На кухне пахнет яичницей и жареными гренками. Из открытого окна тянет свежестью сырого дня.

– Я тут порылся у вас в холодильнике, пока ты спал. – Толик допивает кофе, подперев подоконник спиной. – Подумал, есть захочешь. Ты же вчера по-любому не ужинал, да?

– Не ужинал. – Мурат на мгновение зависает взглядом на накрытом столе. Он уже и забыл, когда нормально завтракал. – Не надо было, серьезно. Я не безрукий.

– Ешь уже. Елена Ануровна еще не вставала. Малая с ней, сказала, есть не хочет.

Неудивительно. Сейчас сестру из комнаты ни под каким предлогом не выманить, будет греться под боком, пока мама не проснется. Мурат, сконфуженный и насупленный из-за внезапной заботы, макает хлебом в расплывшийся желток.

– Твой телефон все утро вибрировал под подушкой. – Толик неловко переминается с ноги на ногу. Мурат замирает с вилкой у рта. Толик видел, кто звонил. – Это не мое дело, но, может, все-таки твой отец поможет, если попросить? Давно названивает?

– Третий день уже. – Мурат работает челюстью с небывалой агрессией. – Он последний человек, к кому я обращусь за помощью. Без него справлюсь.

– Снова просит уехать?

Мурат молча кивает. От одной мысли, что когда-нибудь ему придется стоять рядом с отцом и его образцовым семейством, аж трясет.

– Ты же в курсе, да?
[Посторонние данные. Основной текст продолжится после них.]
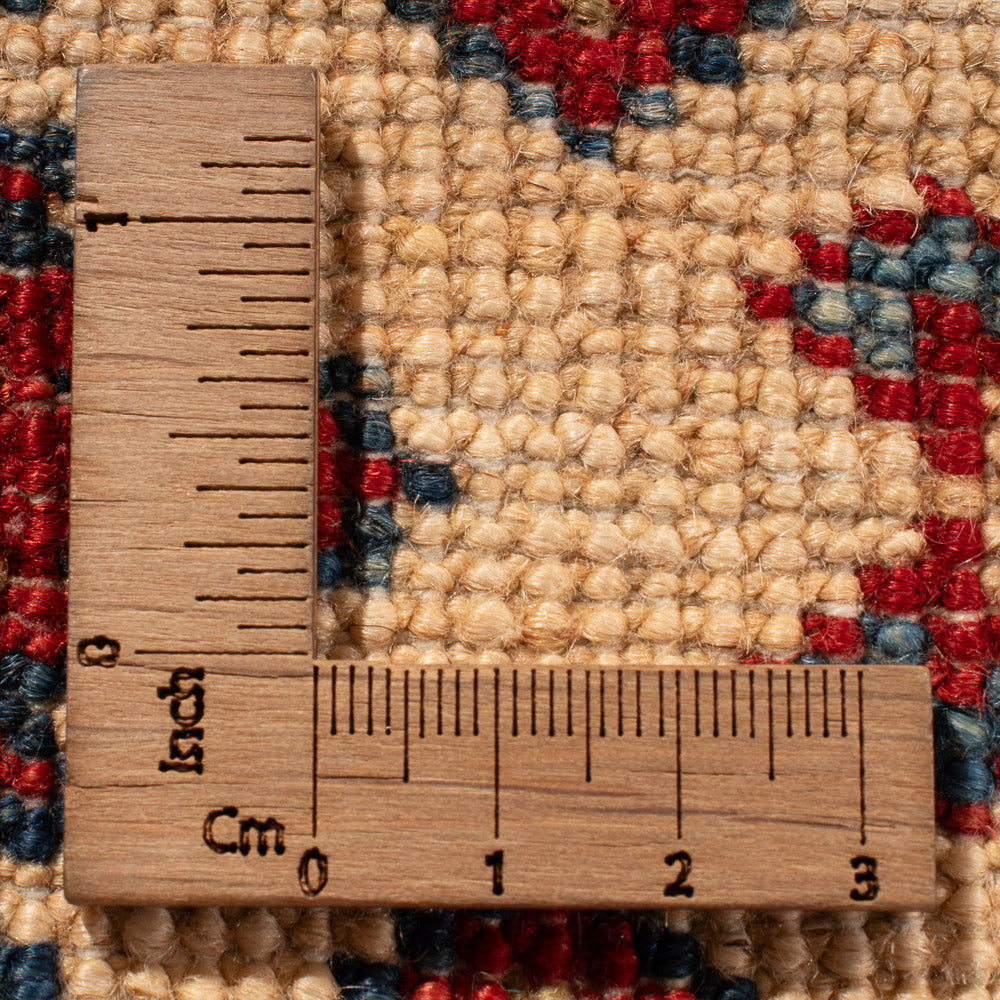 Ziegler Teppich - Kazak - 285 x 204 cm - rot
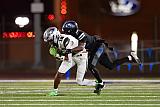 South Lake High @ Armwood Football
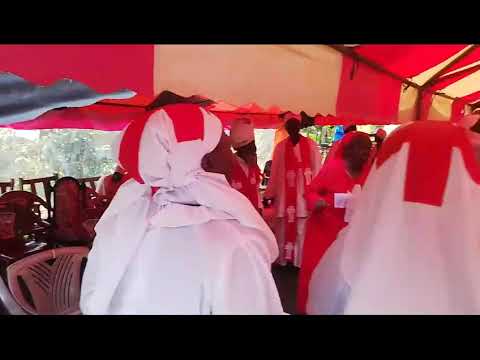 Nu Linda Vulahi Ulinyola Vumonye Shinyalu Women Conference 2023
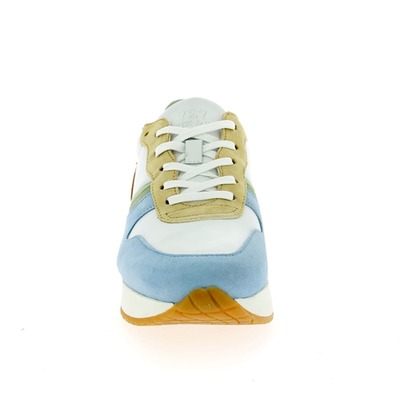 Cycleur De Luxe Sneakers hemelsblauw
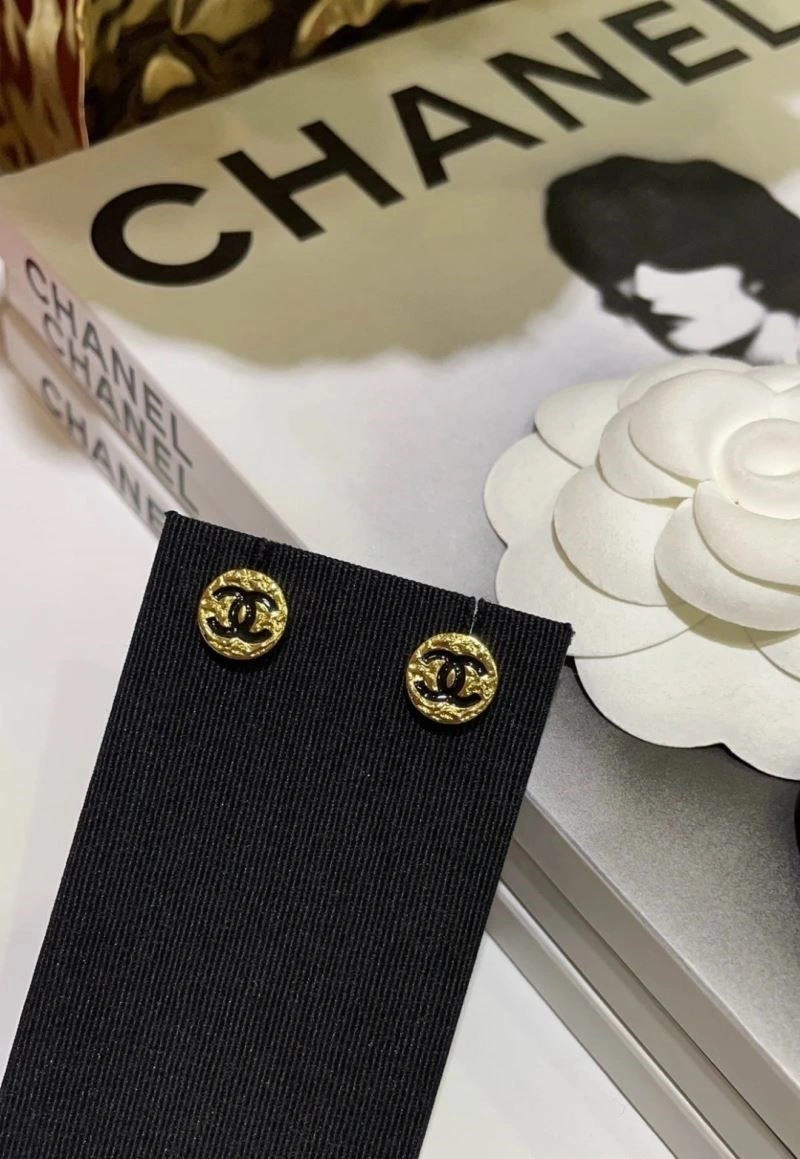 Resilient Chanel Earrings 224795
Тебе не обязательно тянуть эту лямку одному. Я и Славка за тебя горой, на нас можешь положиться.

«Делать вам нечего, что ли?».

Друзья только тем и заняты, что помогают ему, нередко в ущерб себе. А Мурат волочится за ними, точно загруженный барахлом прицеп. В средних классах, когда здоровье матери ухудшилось из-за ухода отца, и дня не проходило без истерик. В школе, помимо уже привычного предвзятого отношения учителей и ехидных смешков одноклассников («Фу, узкоглазый идет», «Вали обратно в свою Чуркмению», «Твое место на рисовых плантациях!»), прибавились взрослые сплетни:»Ленка-то, только с мужем развелась, опять брюхатая ходит», «И не стыдно ей ноги перед всеми раздвигать?», «Пропащая баба».

А Мурат рыдал в колени, запершись в кабинке туалета. Толик единственный тогда защищал его. Они однажды поклялись на крови, что навсегда останутся братьями. Этот братский союз до белого каления бесил других, так что друзья не сильно удивились, когда в один день их в подворотне встретили конченые ублюдки с битым стеклом в руках.
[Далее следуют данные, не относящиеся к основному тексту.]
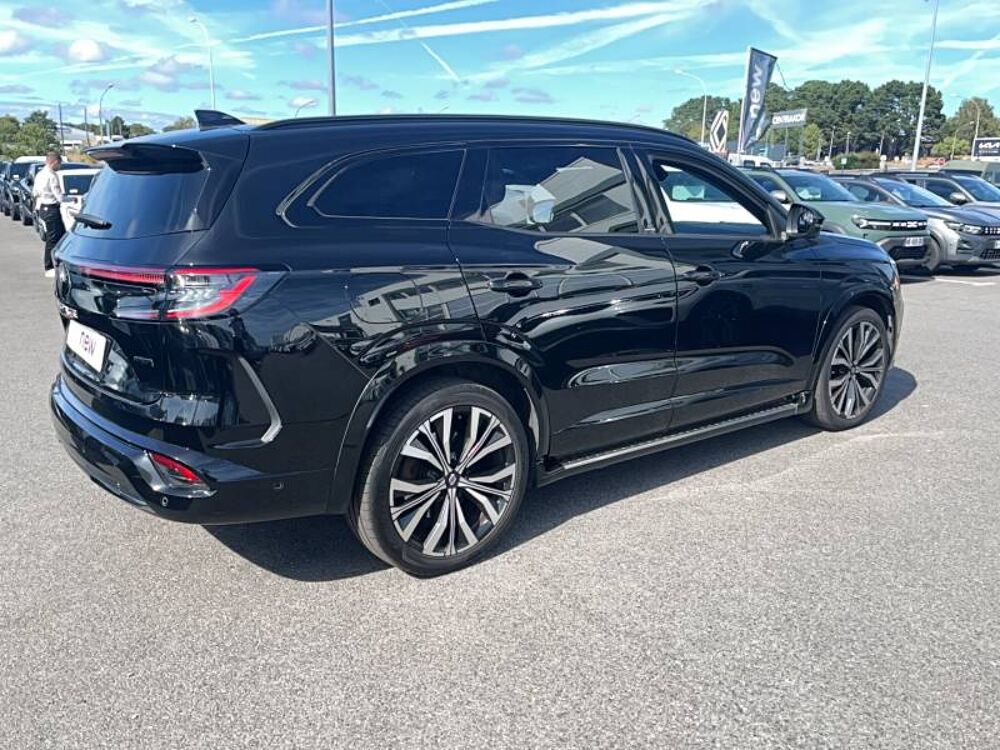 Espace E-Tech hybrid 200 Iconic 2023 occasion 56850 Caudan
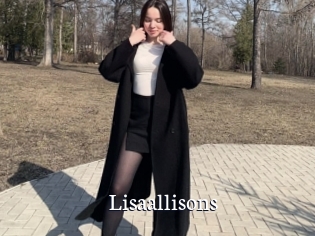 Lisaallisons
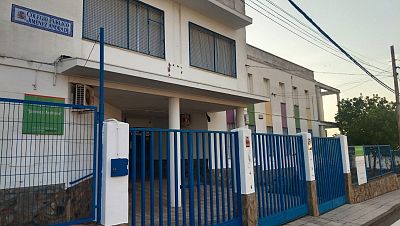 El drama escolar que viven dos hermanos gemelos en Badajoz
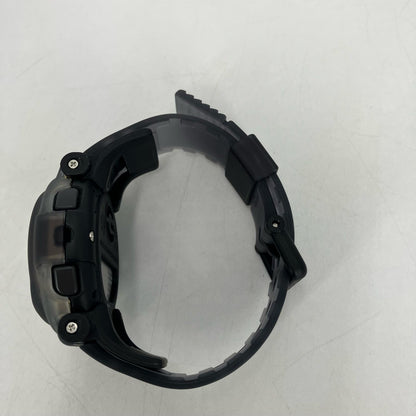 G-SHOCK | ジーショック 腕時計 G-B001MVB-8JR グレー【イオン広店】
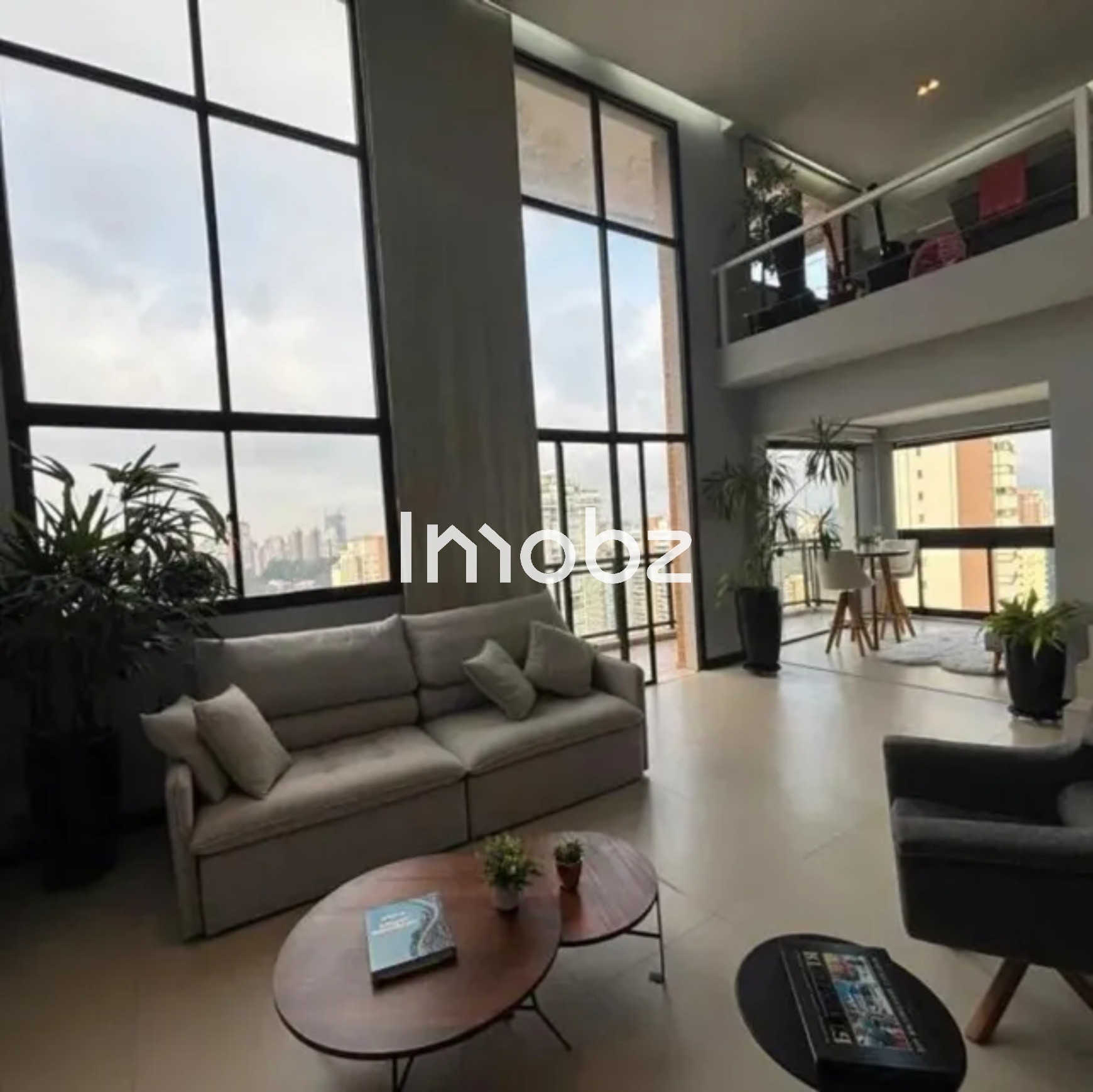 Apartamento à venda no Edifício Duo San Paolo - Rua Itapimirum, 88 - São Paulo - SP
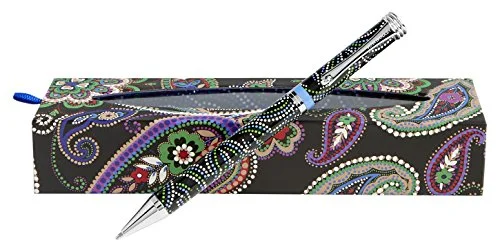 Vera Bradley Perfect For Gift Giving Ballpoint Pen (11002-646)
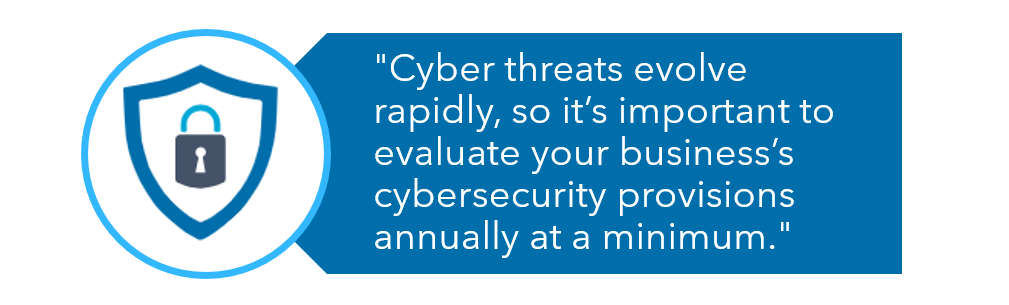 Business Information Technology Cybersecurityimage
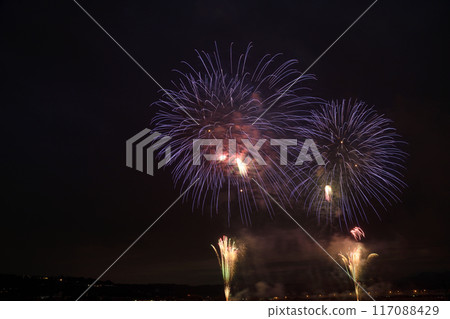 大井川煙火大會2024<島田市> 大井川煙火大會2024<島田市> 117088429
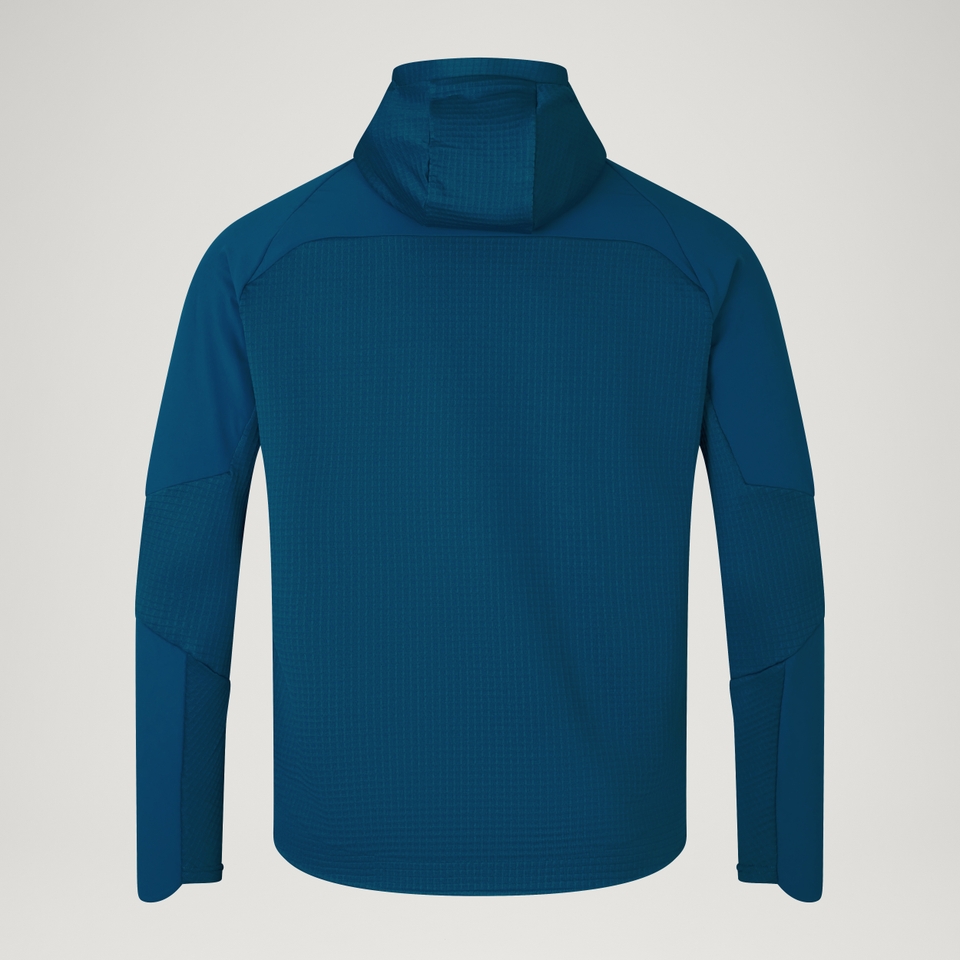 MT500 Polartec Jacke für Herren - Barra Blau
Мурат досадно вздыхает. Да, Толя всегда за него горой. Времена травли и драк уже прошли, но Толина бровь, рассеченная чьей-то розочкой, до сих пор не заросла. Его белесый шрам, немного задевающий подвижное веко, – прямое напоминание о том, что Мурату в свое болото лучше никого не тянуть.
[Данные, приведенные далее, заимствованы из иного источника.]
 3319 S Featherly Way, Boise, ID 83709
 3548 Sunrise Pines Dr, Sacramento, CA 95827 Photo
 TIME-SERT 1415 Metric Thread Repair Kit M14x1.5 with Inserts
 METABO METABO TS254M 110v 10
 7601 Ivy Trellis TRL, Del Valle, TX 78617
Раздается звук входящего сообщения. Толик смотрит в свой телефон.

– Слава пишет, что хочет затусить вместе, но ты его опять игноришь. Сейчас распсихуется – мозги мне все выест.

Мурат нехотя отвечает:

– Скажи, пусть вечером приходит.

Слава нечасто попадается ему на глаза, но при этом умудряется каким-то образом решать его проблемы наравне с Толей.

– Скажи ему сам. Ты с ним и так разговариваешь раз в пятилетку. Ему ведь, как и мне, не пофиг.

Мурат не горит желанием обременять Славу своим существованием, у того с Толиком спортивная карьера в самом разгаре. Своих забот полон рот. Если с Толиком Мурат знаком еще с детсада и встречи с ним проходят расслабленно, то со Славой – совсем наоборот. Мурат знает его от силы полтора года, однако он еще со старших классов в курсе всего, что происходит в жизни Мурата. Тот долго отвергал его дружбу, думал, сам отвянет, но нет: Славка пригрелся основательно и надолго.